In terms of guns, what would that be? Red Flag laws (which I happen to support, provided they are structured appropriately) did not work in northern New York a few weeks ago. Background checks would have made no impact in this case, as the creature who carried out the murders did not have a criminal record. Calls get resurrected for bans of weapons, but those are nearly impossible to enforce, run into legitimate constitutional issues and are ineffectual in any case — the things cannot be un- invented, and if one is twisted up sufficiently to be motivated to shoot 8-year-olds, they will find the means to satisfy their malignant ambitions.

Guns are a convenient and easy scapegoat, in part because in instances of violent tragedy for which there is no clear answer (how can there be) we instinctively need a hobgoblin to blame. But this sort of “cherchez la femme” reductionism does not serve us well.

The Common Threads

Instead, we ought to be prepared to look deeper: what demon possesses a young man (it is almost always young men) to shoot his grandmother and stroll over to an elementary school and kill 8-and-9-year-olds? It will take time to gather the relevant evidence and history, and we may never know the full picture, but it is a worthwhile enterprise to try and discover the common threads; but it is also an extraordinarily frustrating one, seldom if ever offering much satisfaction.

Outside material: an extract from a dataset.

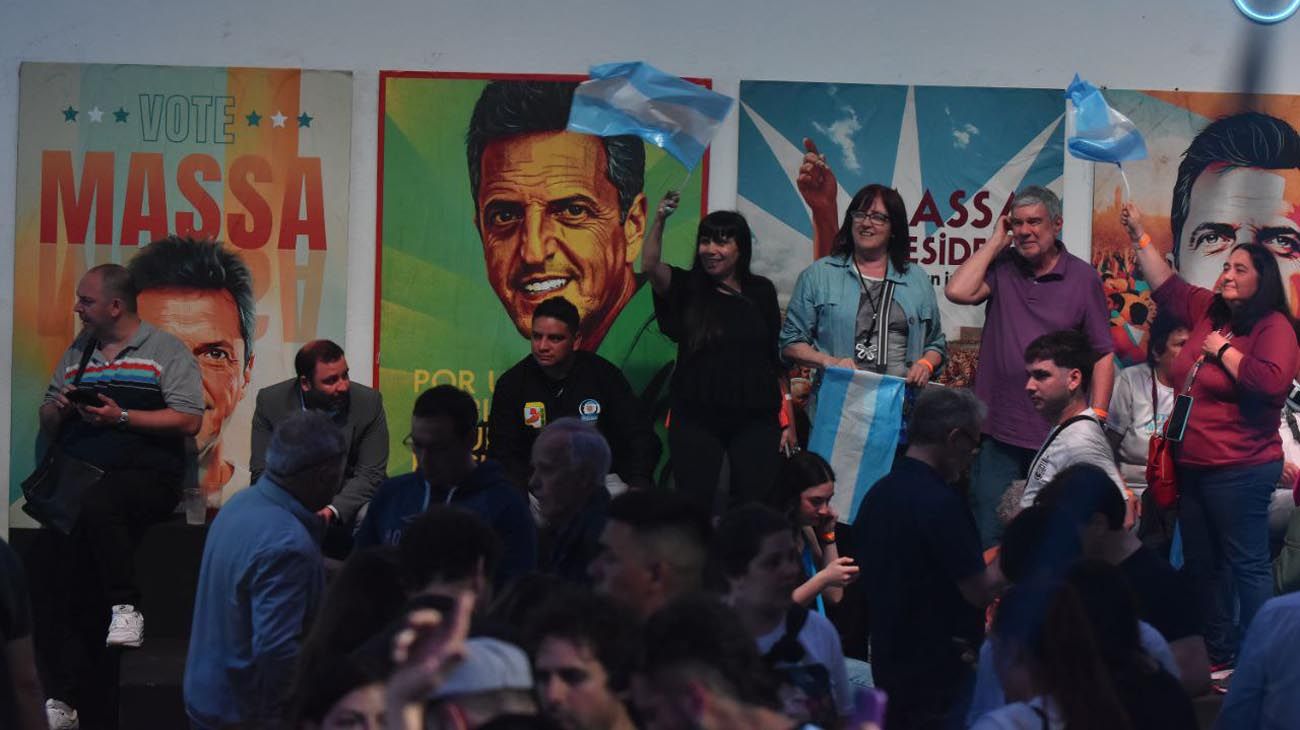 Los números alentadores de Axel Kicillof podrían empujar la boleta de Sergio Massa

Early reports suggest some common themes — social isolation, bullying, dysfunctional family life. But many experience those things and don’t shoot up schools. The correlation between the increase in the rate of illegitimate births and a Pandora’s box of social ills has been well documented empirically, and may or may not have been a factor here; but it wasn’t, for instance, with the Columbine shooters.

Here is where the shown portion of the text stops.